##### The input

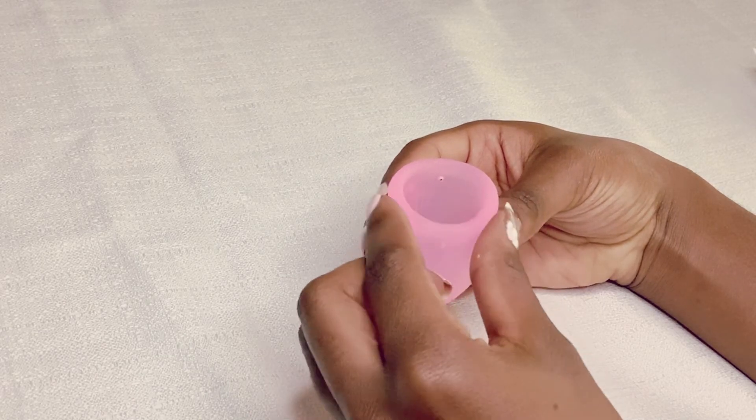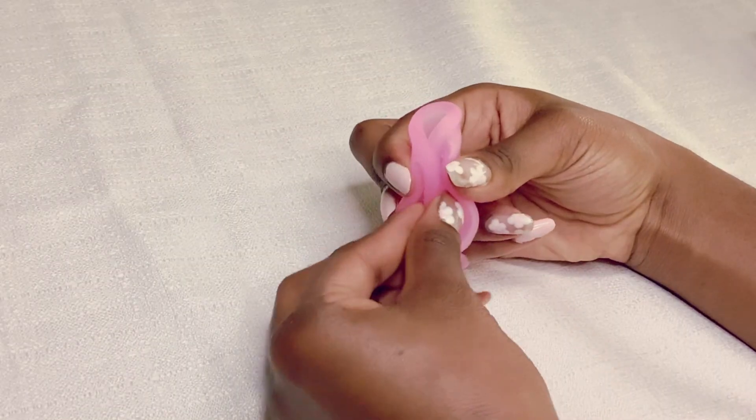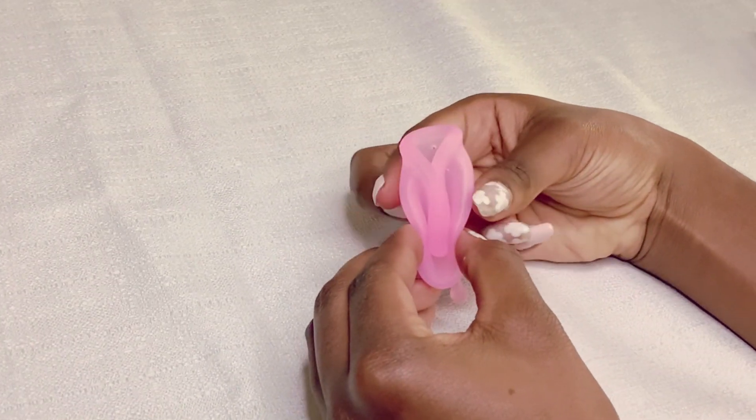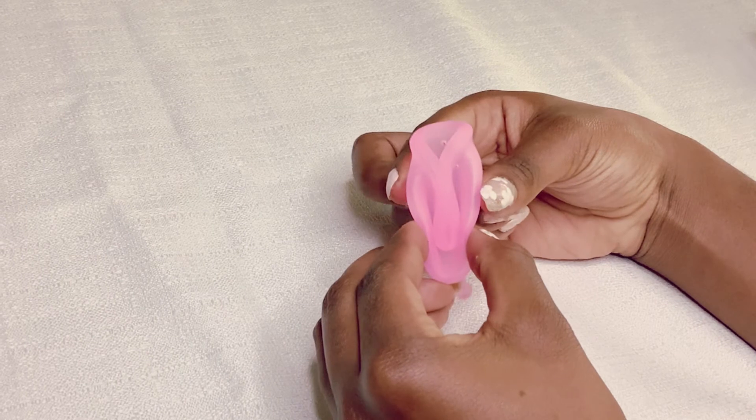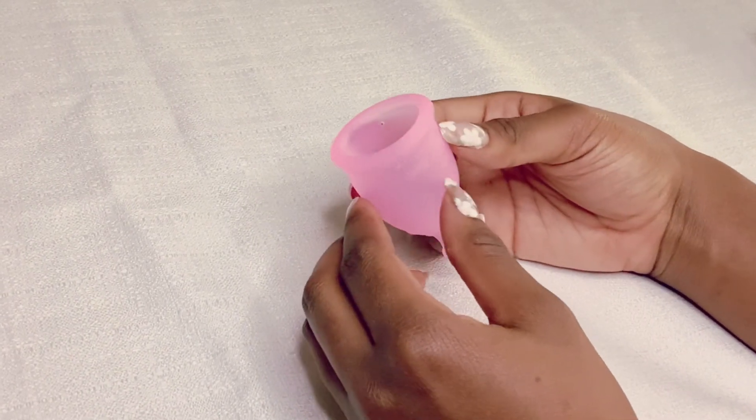So next we have the labia fold. This fold is good if you're having trouble getting your soft cup to pop open. To do the labia fold, you take the edge of the cup, pinch it, and fold it down to the middle of the cup. Then squeeze the side around it, kind of like a taco. You will notice a nub sticking out of it, and you can push on this nub to open the cup.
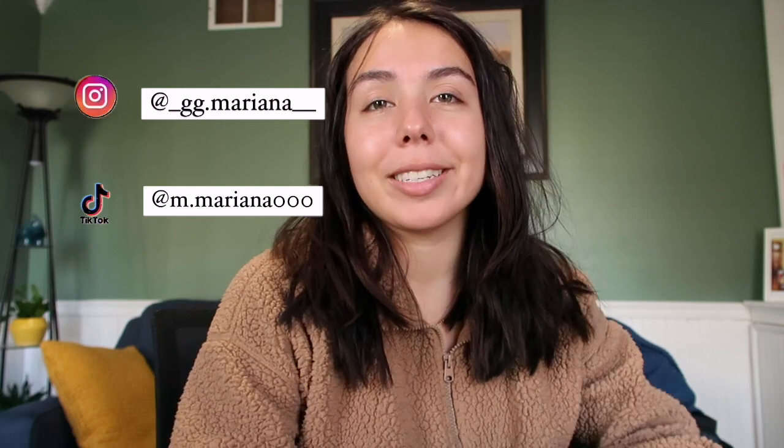Hey everyone, welcome back to my channel today. I hope you guys are all doing well. My name is Samara and if you guys are new here, welcome to my channel. So for today's video, I'm going to be doing a seasonal video I always like to do on my channel. I'll link the other ones down below. It's a what's in my bag video — this is my fall slash winter edition.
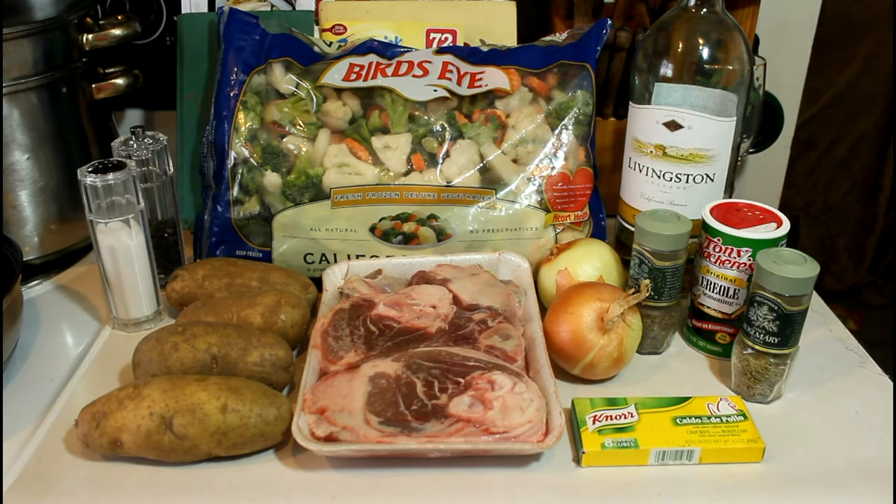I'm going to sauté the meat, onions and potato in the pan and then toss all of it into the crock pot with the exception of the vegetables. I'll save the vegetables for about the last 40 to 45 minutes of cooking. I figure this dish ought to require about 4 hours in the crock and I'll make a gravy sauce toward about the middle of the cooking time to let it simmer. See you back with some progress reports.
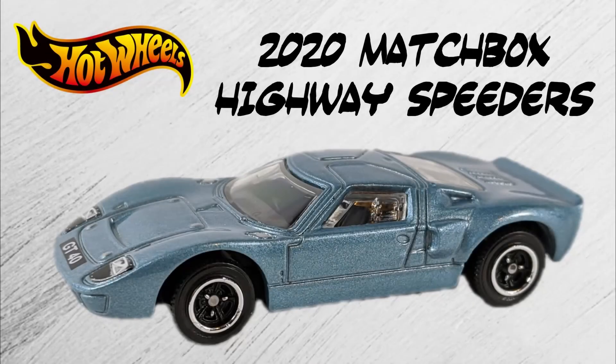Hey everyone, this is Pete with Looking Diecast, and today I'm really, really excited to show you a new Matchbox 5-pack. This one is just hitting the shelves, and I haven't seen much about it online. I've got the 2020 Matchbox Highway Speeder set, and it's coming your way.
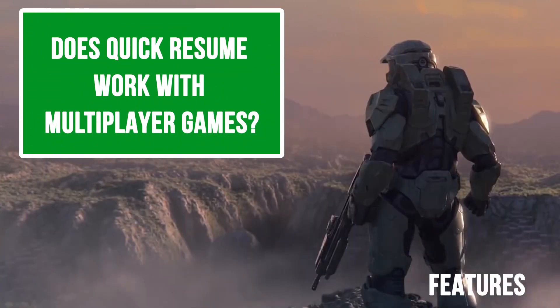Does Quick Resume work with multiplayer games? It depends. Something like Sea of Thieves boots you out of the lobby after 20 minutes of inactivity anyway. So if you jump from Sea of Thieves to Ori and the Will of the Wisps, you'll go back into Sea of Thieves but it'll load you straight to the base menu. It's not plausible to jump out of a multiplayer game and come back without being dead, underwater, or in jail. Not really, but at least you can get back into the menus relatively quickly.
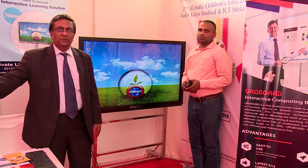Next, I come to Euro Secure. This is a security-enhancing solution.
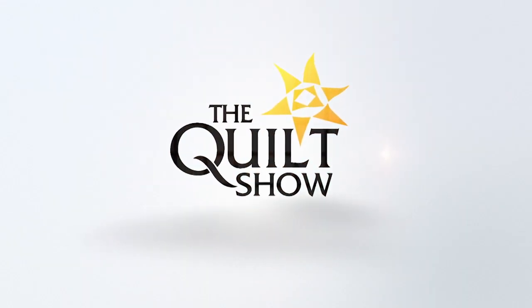On the next quilt show, we couldn't take you to the beach, so we brought the beach here. That is Mel Beach. Mel, what are we going to do on the next quilt show?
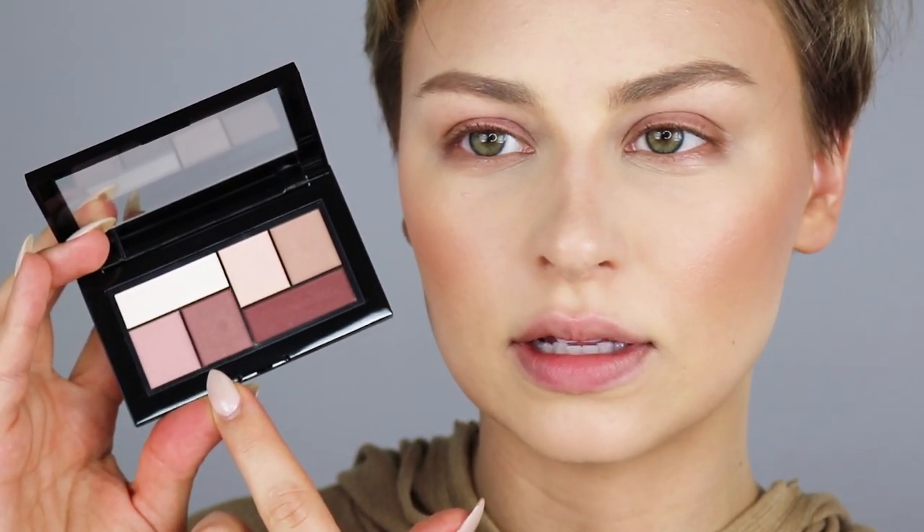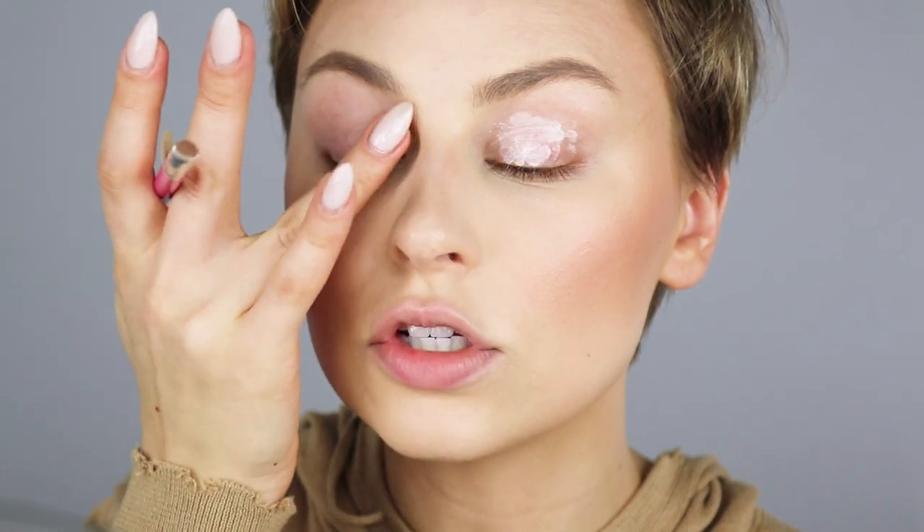For my eyes, this is the Maybelline City Mini Palette in Matte About Town. It's more on the mahogany side — a little bit more red toned. There's a slightly warm taupey transition shade and a muted mauve transition shade as well, so they give you a few different options. Before I go in with the crease shade, I'm going to prime my lids with the e.l.f. primer in the shade Sheer. I always forget to prime my lids. I like to blend it out first with my BH number nine brush and then go in with my finger to pat it out.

##########

Pictures should not appear; only the lines from the start of the listing above to the line containing "Hey everyone, welcome", both ends included, are to be repeated exactly.

- [Answer space]
So next we have the labia fold. This fold is good if you're having trouble getting your soft cup to pop open. To do the labia fold, you take the edge of the cup, pinch it, and fold it down to the middle of the cup. Then squeeze the side around it, kind of like a taco. You will notice a nub sticking out of it, and you can push on this nub to open the cup.
Hey everyone, welcome back to my channel today. I hope you guys are all doing well. My name is Samara and if you guys are new here, welcome to my channel. So for today's video, I'm going to be doing a seasonal video I always like to do on my channel. I'll link the other ones down below. It's a what's in my bag video — this is my fall slash winter edition.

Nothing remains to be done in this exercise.